WORK INSTRUCTION:
Among the records, find the lines that hold the string "tiles" and return them.

MATERIAL FOR THE TASK:
##############################

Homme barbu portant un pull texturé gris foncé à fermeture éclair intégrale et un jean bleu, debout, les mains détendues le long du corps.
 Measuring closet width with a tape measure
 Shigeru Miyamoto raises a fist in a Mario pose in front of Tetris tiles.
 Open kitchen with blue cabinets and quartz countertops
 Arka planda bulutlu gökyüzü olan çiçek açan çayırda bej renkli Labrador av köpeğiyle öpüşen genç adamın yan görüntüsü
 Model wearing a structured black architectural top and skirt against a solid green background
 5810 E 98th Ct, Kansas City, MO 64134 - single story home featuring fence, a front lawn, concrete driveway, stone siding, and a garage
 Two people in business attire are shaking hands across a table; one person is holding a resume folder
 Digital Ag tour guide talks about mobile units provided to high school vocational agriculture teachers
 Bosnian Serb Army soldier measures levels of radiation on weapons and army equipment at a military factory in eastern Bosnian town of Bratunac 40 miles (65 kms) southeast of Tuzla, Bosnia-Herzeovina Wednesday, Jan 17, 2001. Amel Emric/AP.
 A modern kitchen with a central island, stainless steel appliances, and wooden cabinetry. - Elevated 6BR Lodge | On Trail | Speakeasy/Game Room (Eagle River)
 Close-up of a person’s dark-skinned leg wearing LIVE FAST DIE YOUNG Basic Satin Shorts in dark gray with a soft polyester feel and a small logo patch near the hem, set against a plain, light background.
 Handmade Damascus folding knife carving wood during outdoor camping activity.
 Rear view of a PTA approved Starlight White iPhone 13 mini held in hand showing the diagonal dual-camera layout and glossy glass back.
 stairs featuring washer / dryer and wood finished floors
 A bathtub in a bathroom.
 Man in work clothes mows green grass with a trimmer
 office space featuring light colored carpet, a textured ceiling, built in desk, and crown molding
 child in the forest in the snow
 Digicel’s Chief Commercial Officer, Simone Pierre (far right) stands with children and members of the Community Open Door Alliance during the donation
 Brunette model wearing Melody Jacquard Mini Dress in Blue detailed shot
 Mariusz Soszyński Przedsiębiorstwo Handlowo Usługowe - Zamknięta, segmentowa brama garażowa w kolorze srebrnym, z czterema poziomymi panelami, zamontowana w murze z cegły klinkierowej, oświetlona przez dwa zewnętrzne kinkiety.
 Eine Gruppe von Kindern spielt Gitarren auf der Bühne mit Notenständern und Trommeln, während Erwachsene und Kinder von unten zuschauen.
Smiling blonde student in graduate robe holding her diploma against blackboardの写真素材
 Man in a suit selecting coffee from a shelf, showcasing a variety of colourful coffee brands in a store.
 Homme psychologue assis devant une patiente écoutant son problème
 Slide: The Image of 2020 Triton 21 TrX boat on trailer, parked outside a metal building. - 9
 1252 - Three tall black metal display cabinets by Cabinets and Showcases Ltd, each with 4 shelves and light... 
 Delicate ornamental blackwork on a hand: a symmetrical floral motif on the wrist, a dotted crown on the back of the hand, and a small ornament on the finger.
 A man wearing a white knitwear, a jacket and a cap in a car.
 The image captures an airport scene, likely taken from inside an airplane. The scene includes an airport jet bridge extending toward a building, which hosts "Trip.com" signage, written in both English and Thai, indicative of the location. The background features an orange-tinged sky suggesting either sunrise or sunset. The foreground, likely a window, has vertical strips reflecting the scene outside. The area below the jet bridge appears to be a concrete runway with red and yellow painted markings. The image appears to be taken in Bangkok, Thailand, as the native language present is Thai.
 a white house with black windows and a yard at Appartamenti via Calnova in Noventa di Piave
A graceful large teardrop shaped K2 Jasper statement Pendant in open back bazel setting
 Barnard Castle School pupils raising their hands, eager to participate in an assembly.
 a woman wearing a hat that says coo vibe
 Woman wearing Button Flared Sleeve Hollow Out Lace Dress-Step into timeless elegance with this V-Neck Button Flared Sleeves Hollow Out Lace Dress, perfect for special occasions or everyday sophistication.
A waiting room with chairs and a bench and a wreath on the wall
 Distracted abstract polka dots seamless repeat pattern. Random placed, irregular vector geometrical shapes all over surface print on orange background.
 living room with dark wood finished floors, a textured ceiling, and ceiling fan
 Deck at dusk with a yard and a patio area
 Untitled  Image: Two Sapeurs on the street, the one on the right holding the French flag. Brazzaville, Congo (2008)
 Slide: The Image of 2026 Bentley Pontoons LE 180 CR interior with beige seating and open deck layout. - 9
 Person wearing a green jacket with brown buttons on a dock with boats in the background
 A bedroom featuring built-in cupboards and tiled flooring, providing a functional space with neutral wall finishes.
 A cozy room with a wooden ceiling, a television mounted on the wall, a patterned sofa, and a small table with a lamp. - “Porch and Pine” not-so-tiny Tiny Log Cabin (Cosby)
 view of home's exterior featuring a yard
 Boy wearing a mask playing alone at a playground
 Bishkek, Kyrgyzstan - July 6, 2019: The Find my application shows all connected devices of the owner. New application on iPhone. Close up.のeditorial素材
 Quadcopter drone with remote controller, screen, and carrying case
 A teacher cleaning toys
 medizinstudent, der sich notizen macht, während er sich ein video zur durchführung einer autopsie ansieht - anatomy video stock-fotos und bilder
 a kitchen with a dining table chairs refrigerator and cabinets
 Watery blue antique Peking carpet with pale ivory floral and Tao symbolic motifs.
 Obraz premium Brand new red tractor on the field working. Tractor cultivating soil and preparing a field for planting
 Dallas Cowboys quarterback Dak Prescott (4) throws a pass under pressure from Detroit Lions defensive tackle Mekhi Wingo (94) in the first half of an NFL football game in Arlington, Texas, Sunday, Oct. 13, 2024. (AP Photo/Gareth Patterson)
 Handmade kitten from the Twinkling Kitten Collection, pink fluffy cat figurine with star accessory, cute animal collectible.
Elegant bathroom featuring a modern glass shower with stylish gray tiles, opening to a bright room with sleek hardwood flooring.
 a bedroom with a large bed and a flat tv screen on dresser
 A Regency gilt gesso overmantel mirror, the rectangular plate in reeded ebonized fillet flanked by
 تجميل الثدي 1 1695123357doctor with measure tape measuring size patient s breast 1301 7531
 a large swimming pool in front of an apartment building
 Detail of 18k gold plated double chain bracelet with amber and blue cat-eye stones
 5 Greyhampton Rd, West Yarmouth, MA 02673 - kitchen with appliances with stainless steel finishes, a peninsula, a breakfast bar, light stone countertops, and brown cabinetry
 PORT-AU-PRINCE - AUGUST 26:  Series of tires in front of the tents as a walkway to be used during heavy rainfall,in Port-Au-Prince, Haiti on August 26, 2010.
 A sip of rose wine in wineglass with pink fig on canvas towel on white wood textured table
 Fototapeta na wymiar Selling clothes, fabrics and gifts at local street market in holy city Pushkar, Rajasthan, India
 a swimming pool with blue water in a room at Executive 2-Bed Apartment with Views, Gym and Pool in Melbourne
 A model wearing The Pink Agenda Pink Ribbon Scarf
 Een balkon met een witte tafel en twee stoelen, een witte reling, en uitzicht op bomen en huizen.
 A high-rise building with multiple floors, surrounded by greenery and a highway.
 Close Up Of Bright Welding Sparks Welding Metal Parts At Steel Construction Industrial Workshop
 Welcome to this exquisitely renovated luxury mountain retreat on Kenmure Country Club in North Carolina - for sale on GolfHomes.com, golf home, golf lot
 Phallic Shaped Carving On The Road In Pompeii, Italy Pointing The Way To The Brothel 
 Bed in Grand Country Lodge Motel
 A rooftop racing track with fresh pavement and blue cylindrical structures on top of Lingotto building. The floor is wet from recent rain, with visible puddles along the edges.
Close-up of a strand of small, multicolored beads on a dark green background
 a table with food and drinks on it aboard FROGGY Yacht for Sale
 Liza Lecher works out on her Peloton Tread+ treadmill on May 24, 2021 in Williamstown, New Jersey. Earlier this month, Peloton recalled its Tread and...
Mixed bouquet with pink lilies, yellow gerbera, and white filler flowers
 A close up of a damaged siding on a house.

##############################

ANSWER FOR THE TASK:
 Shigeru Miyamoto raises a fist in a Mario pose in front of Tetris tiles.
Elegant bathroom featuring a modern glass shower with stylish gray tiles, opening to a bright room with sleek hardwood flooring.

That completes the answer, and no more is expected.